After Pakistani social media star and self-proclaimed feminist Qandeel Baloch was murdered this week in an apparent honor killing, reports started to swirl that her own brother had carried out the tragic act in response to Baloch’s photos and videos that she posted online. In the aftermath of her death her brother fled law enforcement and was briefly in hiding until police captured him and arrested him for the crime. Now, he is speaking out about his actions for the first time and does not seem at all repentant about what he did.
In a police press conference held after his arrest, Waseem Azeem (Qandeel’s legal name was Fouzia Azeem) not only admitted to the crime but asserted that “now everybody will remember [him] with honour” for his actions. As had been suspected before his arrest, Azeem was upset about Qandeel’s modeling and action on social media. He had decided to kill her months ago after his sister posted videos of herself with Pakistani religious scholar Mufti Abdul Qavi, but was “waiting for the best moment.”
Furthermore, Azeem admits that he is a drug addict but maintains that he was in full control of his mind when he killed his sister by slipping her a sleeping pill and then strangling her in their home. Despite Qandeel being a “family breadwinner” Azeem found her actions “unbearable” and even says if he didn’t kill her he was considering committing suicide to end the embarrassment he was feeling on behalf of his entire family.

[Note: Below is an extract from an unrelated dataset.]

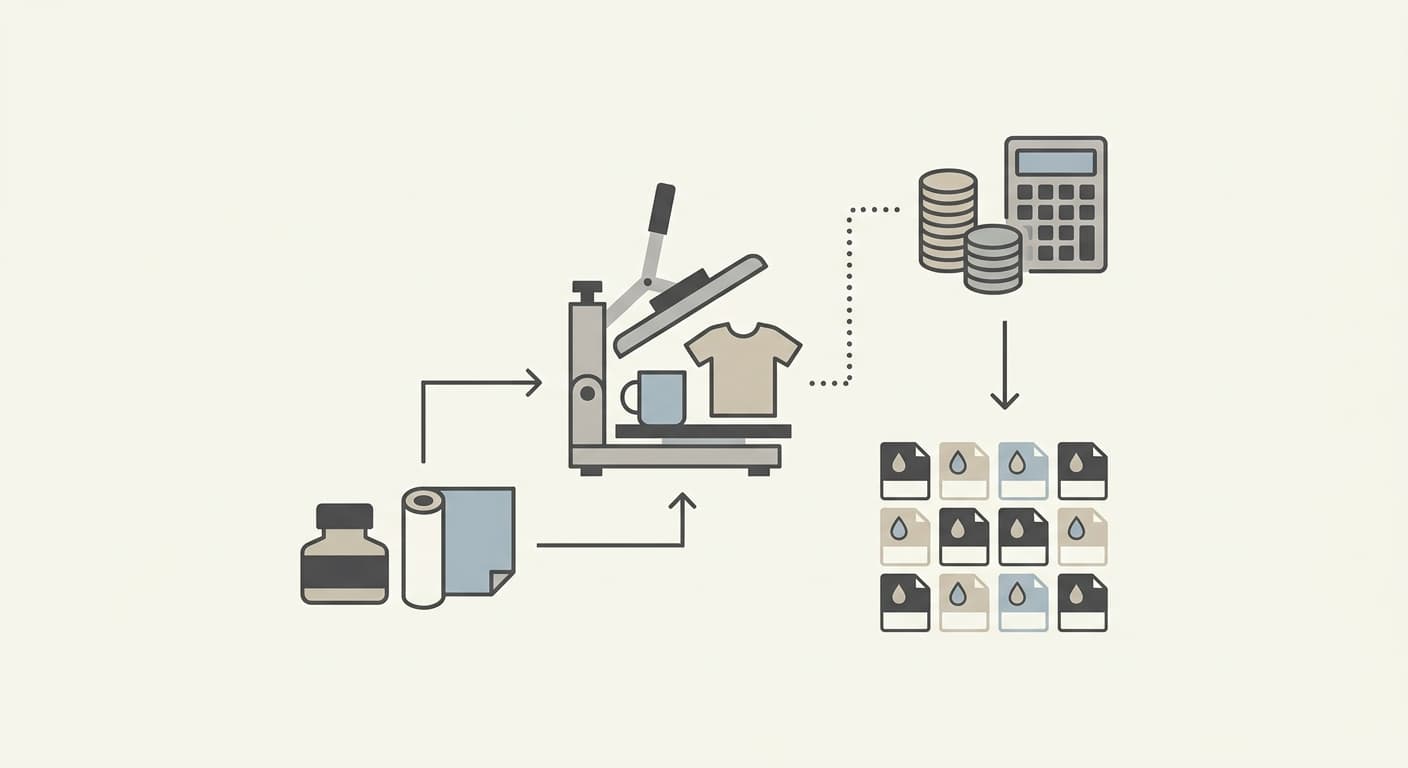 Sublimation Cost Per Print in 2026: Real Data From 125 Sessions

Honor crimes are common in Pakistan, with more than 1,000 of them reported in 2015 alone. Waseem’s statement that “girls are born only to stay at home and to bring honour to the family by following family traditions but Qandeel had never done that” provides some insight as to how serious the limitations on Pakistani women are and the violence that stems from misogynistic laws and cultural policies. The frequency with which crimes and murders like this happen in certain countries does not make Qandeel’s death at the hands of her own family and less tragic or horrifying.